SU339157A1 - Method of producing thiocyanates a-halocarbonic acid acids - Google Patents

Description

This invention relates to a new process for the preparation of α-halo-carboxylic acid thiocyanates of the general formula

ABOUT

/

R-c

NCS

where R is halogenated methyl, which contains from 1 to 3 halogen atoms.

A method of producing α-halocarboxylic acid thiocyanates by reacting α-halocarboxylic acid chlorohydride with dialkylacipine thiociapate is known. The disadvantage of this method is the need to use hard-to-reach and highly toxic Thiocyanates secondary arsines.

With the aim of eliminating this drawback, as well as simplifying the process, it has been proposed that the α-halocarboxylic acid chloride be reacted with trimethyl- roda-silane.

Trimethylrodansil and interacts with chloro- or bromohydrin monohalide- or polyhaloalkylcarboxylic acids in solutions of aprotic solvents (acetone, dioxane, acetonitrile, etc.) or without them at 20-70 ° С. At the same time, trimethyl halo-silanes and halocarboxylic K1 acids are formed in quantitative yield.

The reaction is conveniently carried out without isolation of trimethyl rodanesilane from the reaction g-mass after its preparation. In this case, a mixture of trimethylchlorosilane and the solvent can be used to re-synthesize trn-methylrodapsylan, which makes it possible to obtain acyl thiocyanates in a closed cycle.

Carrying out the reaction without isolation of the terpaniline-danoplan from the reaction mass after its preparation is very effective in the synthesis of fluorine or perfluoroacylthiocyanates, since in this case, trimethylchlorosilane can be used in the amount of 5-20%.

Example 1. Trichloroacetic Thiocyanate

K1 ACIDS.

A mixture of 10.0 g (0.055 g-mol} trichloroacetyl chloride and 6.6 g (0.05 g-mol) of trimethylrodansilapa is transferred at room temperature for 1 hour. The formed trimethylchlorosilane is distilled off at atmospheric pressure and the residue is fractionated in vacuo. Get 9.5 g (93%) of a colorless liquid, m.p. 68-69 ° C / 10 mm Hg, 1.5660, df 1.5754.

Found,%: C 17.39; C1 52.54; N 6.63; S 15.25.

CsClsNOS.

Under similar conditions, with a yield of 85-95%, compounds 1-3 are listed in the table.

Example 2. A-b rumma thiocyanate: hydrochloric acid.

To a suspension of 5.8 g (0.06 g-mol) of. Total potassium in 30 ml of anhydrous acetone is added dropwise. 4.4 g {0.05 g-mol) of trimethyl-chloroslica with stirring. The mixture was stirred at room temperature for 2 hours, filtered, 10.2 g (0.055 g-mol) of α-bromomal acid chloride was added to the filtrate, after 1 hour the mixture was evaporated in a bath (temperature 75-80 ° C) and the residue Ccioiuyut in a vacuum. 9.3 g (89%) of a colorless liquid are obtained, i.e. 95-96 ° C / 15 mm Hg. Art., nfo 1,5608, df 1,5147.

Similarly, they receive the items 2 and 3 listed in the table.

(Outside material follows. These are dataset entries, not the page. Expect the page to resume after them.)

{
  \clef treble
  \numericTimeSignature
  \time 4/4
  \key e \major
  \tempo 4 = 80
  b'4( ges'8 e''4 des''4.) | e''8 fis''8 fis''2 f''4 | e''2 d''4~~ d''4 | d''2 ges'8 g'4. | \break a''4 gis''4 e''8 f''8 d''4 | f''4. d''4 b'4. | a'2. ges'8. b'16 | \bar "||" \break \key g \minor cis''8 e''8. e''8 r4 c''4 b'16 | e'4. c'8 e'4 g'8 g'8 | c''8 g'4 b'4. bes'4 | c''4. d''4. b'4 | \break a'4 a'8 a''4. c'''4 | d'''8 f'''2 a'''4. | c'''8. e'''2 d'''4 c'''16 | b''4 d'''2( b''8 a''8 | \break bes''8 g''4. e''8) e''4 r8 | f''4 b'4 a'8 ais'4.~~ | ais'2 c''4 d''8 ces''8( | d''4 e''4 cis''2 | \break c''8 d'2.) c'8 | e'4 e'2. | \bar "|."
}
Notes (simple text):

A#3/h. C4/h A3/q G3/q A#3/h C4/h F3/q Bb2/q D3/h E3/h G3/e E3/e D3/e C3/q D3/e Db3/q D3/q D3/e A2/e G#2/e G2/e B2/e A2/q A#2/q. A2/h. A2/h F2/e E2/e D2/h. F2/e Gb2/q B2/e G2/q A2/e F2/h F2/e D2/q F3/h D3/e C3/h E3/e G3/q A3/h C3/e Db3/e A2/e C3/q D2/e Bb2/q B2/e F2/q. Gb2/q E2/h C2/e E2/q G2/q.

Trifluoroacetic acid thiocyanate

Example 3. Acids.

To a suspension of 6.8 g (0.07 g-jol) of potassium thiocyanate in 35 ml of anhydrous dioxane 1.1 g (0.01 g-mol) of trimethylchlorosilane are added and then 6.6 g (0.05 g-mol) trifluoroacetyl chloride. The mixture is stirred at room temperature for 2 hours and 4 hours at 50-60 ° C (the trifluoroacetyl chloride evaporated on heating and trapped in a trap and returned: ay into the reaction mass). The mixture is fractionated in an effective column and 6.9 g of liquid (m.p. 72–74 ° C / 756 mm Hg) are separated, which, according to gas-liquid chromatography, contains 81% trifluoroacetic acid thiocyanate (yield 72%) and 19 % dioxane.

The subject matter of the invention 20 1. The procedure for the production of α-halo carboxylic acid thiocyanates using α-halo carboxylic acid chlorohydride, characterized in that, in order to simplify the process, α-halohydrocarboxylic acid chloride is reacted with trimethylrodane-silane with the subsequent separation, followed by separation. 2. A method according to claim 1, characterized in that the process is carried out at a temperature of 20-70 ° C.